KemenkopUKM Latih 30 UMKM Batang Buat Bakso hingga Sosis Ikan

Penjabat Bupati Batang Lani Dwi Rejeki foto bersama para peserta pelatihan UMKM olahan ikan. Dok.RMOLJateng
Penjabat Bupati Batang Lani Dwi Rejeki foto bersama para peserta pelatihan UMKM olahan ikan. Dok.RMOLJateng

Kementerian Koperasi dan UKM (KemenKopUKM) mengadakan pelatihan pengolahan ikan bagi 30 UMKM Batang yang bergerak di bidang perikanan.


Pelatihan ini bertujuan untuk meningkatkan kapasitas dan kompetensi UMKM Batang dalam mengolah hasil perikanan menjadi produk yang berkualitas, higienis, dan halal. 

Para peserta pelatihan juga mendapatkan sertifikat kompetensi dari Badan Nasional Sertifikasi Profesi (BNSP), yang dapat meningkatkan kredibilitas dan kepercayaan konsumen.

"Alhamdulillah, saya senang sekali bisa ikut pelatihan ini. Saya belajar banyak hal tentang pengolahan ikan yang sebelumnya saya tidak tahu," kata Siti, seorang peserta pelatihan di Hotel Sendangsari, Kamis (25/1).

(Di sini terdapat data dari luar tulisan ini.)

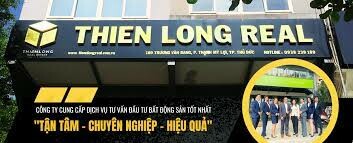 Địa Ốc Thiên Long 10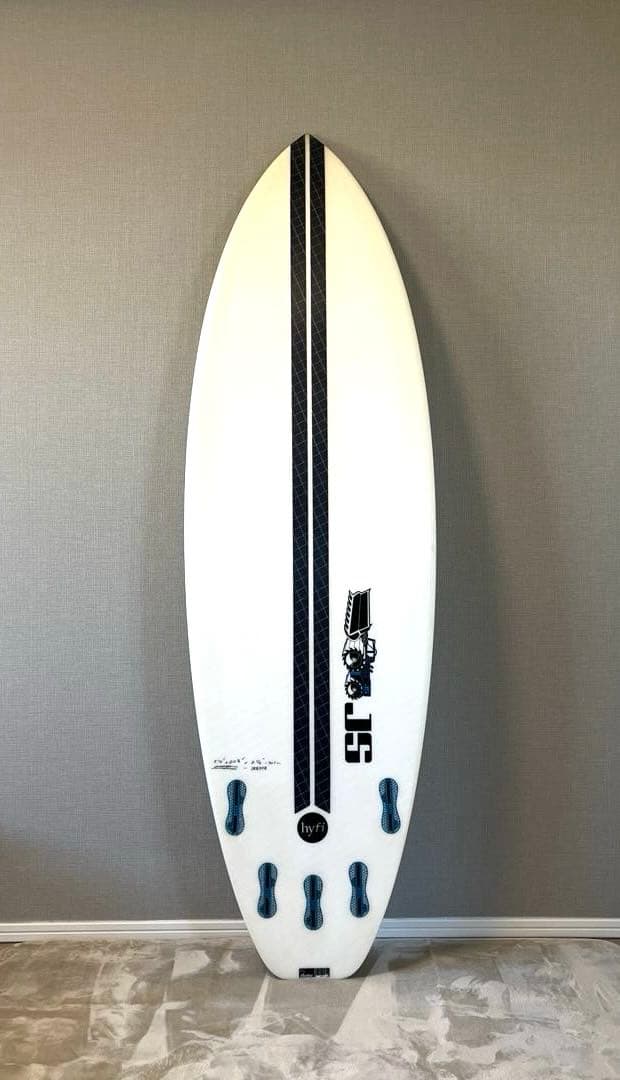 【手渡しのみ】JS Psycho nitro hyfi サイコニトロ　5.10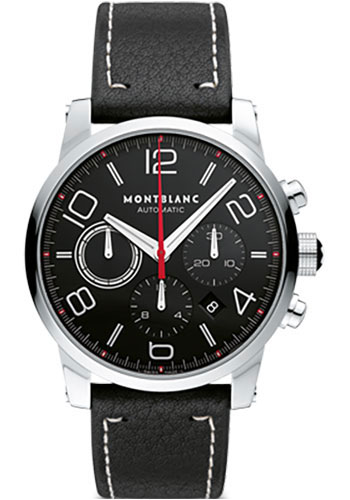 Montblanc Timewalker Chronograph Automatic Watch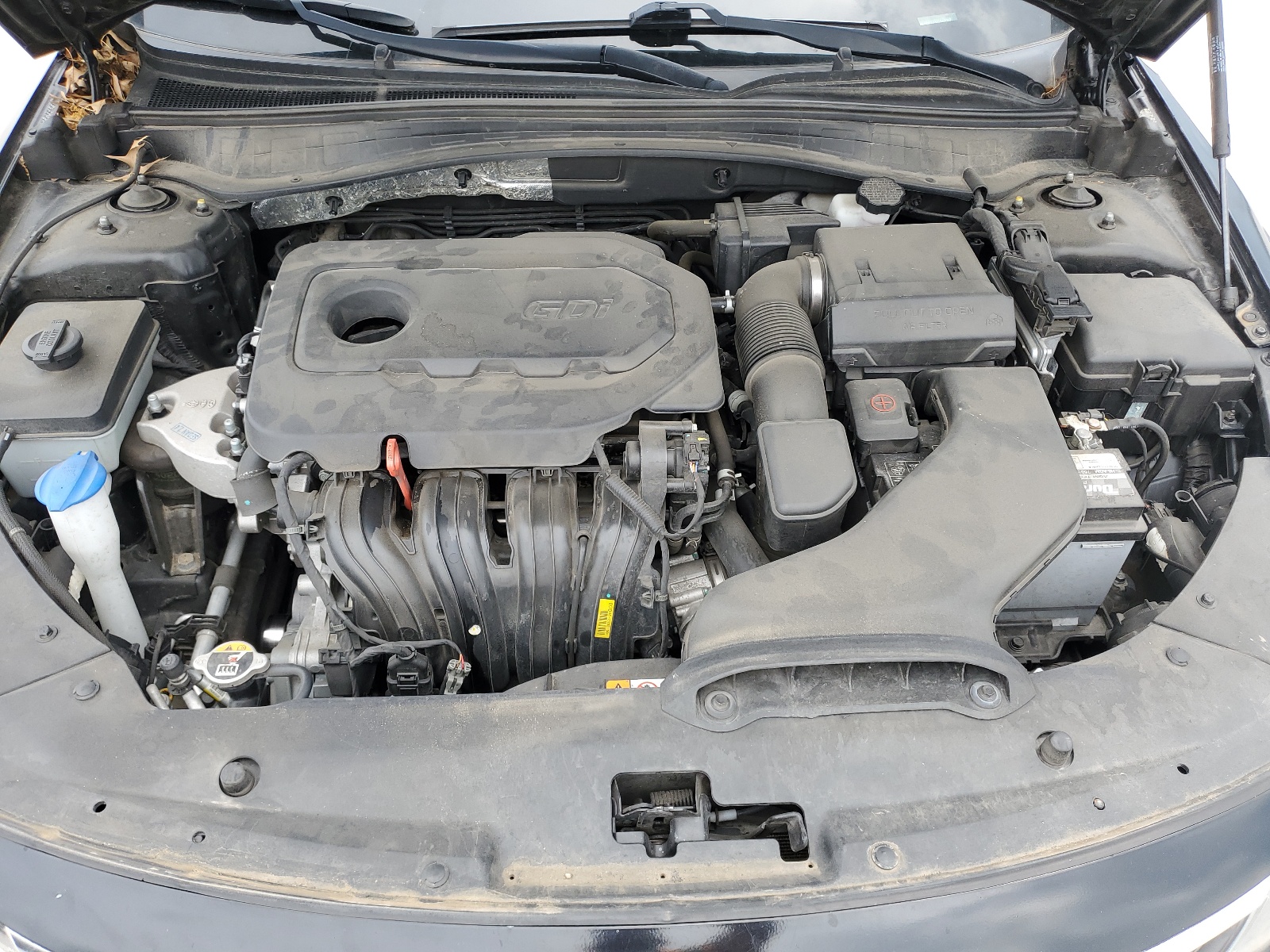 5XXGT4L3XLG402307 2020 Kia Optima Lx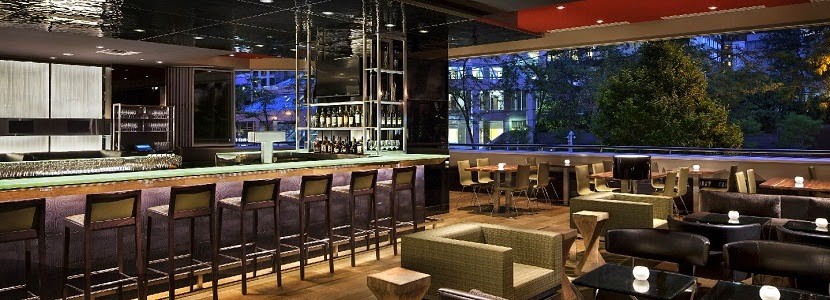 Grain Tasting Bar: the place
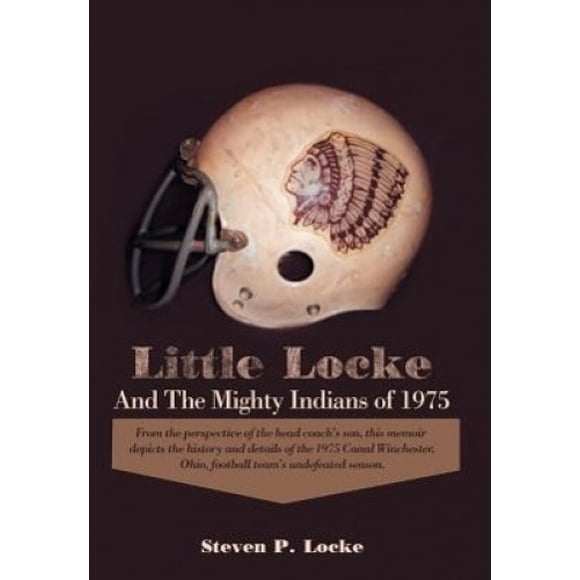 Little Locke and the Mighty Indians of 1975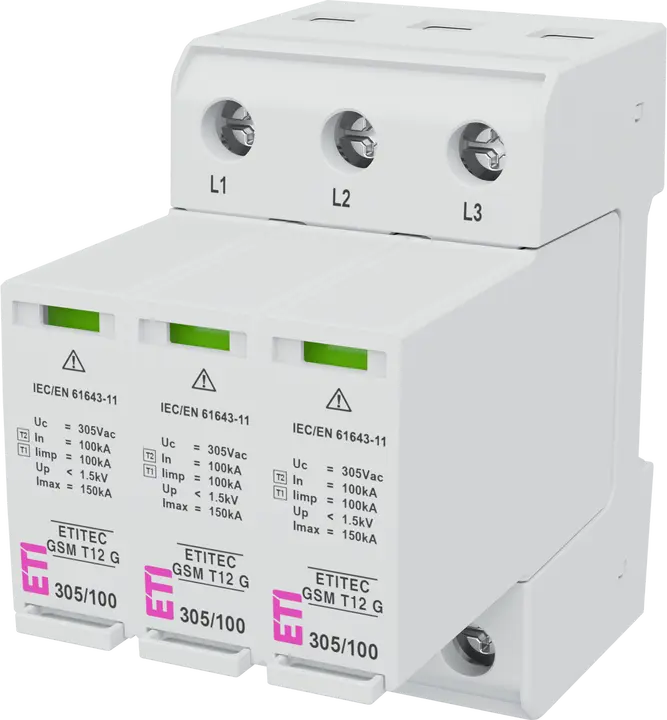 Image of ETITEC GSM T12 275/25 3+0 RC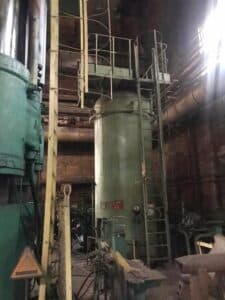 Presse de forgeage en matrice ouverte Schloemann 1200 MT - 1200 tonne (Photo 18)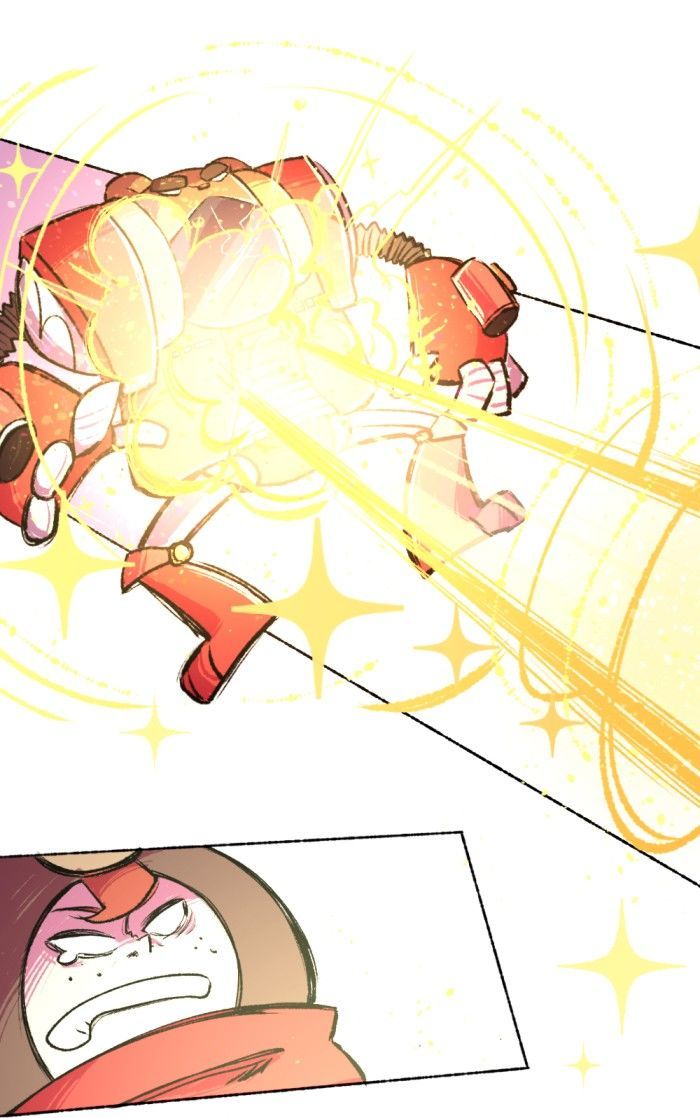 Supersonic Girl Chapter 6 page 40 - Chapter 6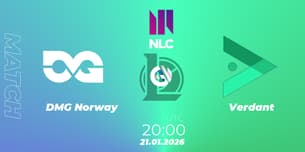 DMG Norway VS Verdant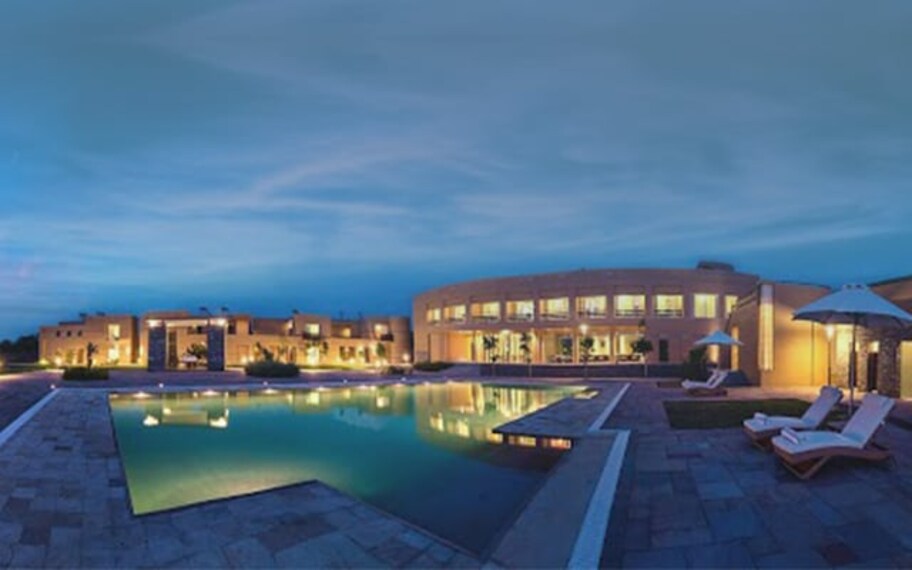 Pushkar Dera Masuda Landscape Image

Pelatihan ini berlangsung selama tiga hari, mulai dari Kamis (25/1) hingga Sabtu (27/1), di Hotel Sendangsari Batang. Pelatihan ini terdiri dari dua sesi, yaitu sesi teori dan sesi praktik. 

Sesi teori meliputi materi tentang prinsip-prinsip pengolahan ikan, standar mutu dan keamanan pangan, serta aspek bisnis dan pemasaran produk olahan ikan. 

Sesi praktik meliputi materi tentang cara membuat produk olahan ikan, seperti sosis ikan, siomay ikan, nugget ikan, dan otak-otak ikan.

“Saya berencana untuk membuat produk olahan ikan yang lebih banyak dan lebih menarik, seperti bakso ikan, bakpao ikan, atau kue ikan,” ujar Siti, salah satu peserta pelatihan.

Narasumber pelatihan, Imam Sujarwo, yang juga Analisis Kebijakan Ahli Madya KemenKopUKM, mengapresiasi antusiasme dan partisipasi peserta pelatihan. 

Ia berharap pelatihan ini dapat memberikan manfaat bagi UMKM Batang dalam mengembangkan usaha mereka di bidang perikanan.

“Kami juga akan terus memantau dan mendampingi UMKM Batang dalam mengembangkan usaha mereka. Kami menantang mereka untuk mencapai omset Rp15 juta per bulan dalam satu tahun ke depan," urainya 

Jika mereka berhasil, pihaknya akan memberikan bantuan lebih lanjut, seperti bantuan modal, bimbingan pemasaran, fasilitas produksi, dan sumber daya manusia.

Penjabat (Pj) Bupati Batang, Lani Dwi Rejeki, yang hadir pada acara penutupan pelatihan, juga memberikan apresiasi dan dukungan kepada UMKM Batang yang telah mengikuti pelatihan ini. 

Ia menilai produk olahan ikan yang dihasilkan oleh UMKM Batang sudah sangat baik dan layak dipasarkan.

"Saya berharap produk ini dapat menembus pasar lokal, nasional, bahkan internasional. Pemerintah Kabupaten Batang akan terus memberikan dukungan dan fasilitas kepada warga," jelasnya.

Pemerintah Kabupaten Batang akan terus memberikan dukungan dan fasilitas kepada UMKM Batang yang bergerak di bidang perikanan, seperti bantuan perizinan, permodalan, pemasaran, dan binaan.